Material shown.
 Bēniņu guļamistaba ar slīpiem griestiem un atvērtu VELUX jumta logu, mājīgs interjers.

--

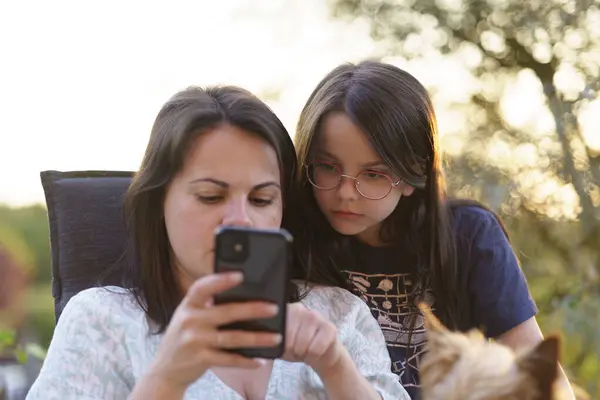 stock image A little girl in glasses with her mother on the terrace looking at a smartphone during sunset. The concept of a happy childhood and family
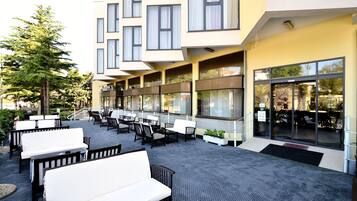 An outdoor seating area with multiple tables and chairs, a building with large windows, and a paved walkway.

What is expected. Going back to the data above, write out everything from the line with "stock image A" down to the line with "An outdoor seating", both included, leaving every picture out.

Result for this exercise.
 stock image A little girl in glasses with her mother on the terrace looking at a smartphone during sunset. The concept of a happy childhood and family
 An outdoor seating area with multiple tables and chairs, a building with large windows, and a paved walkway.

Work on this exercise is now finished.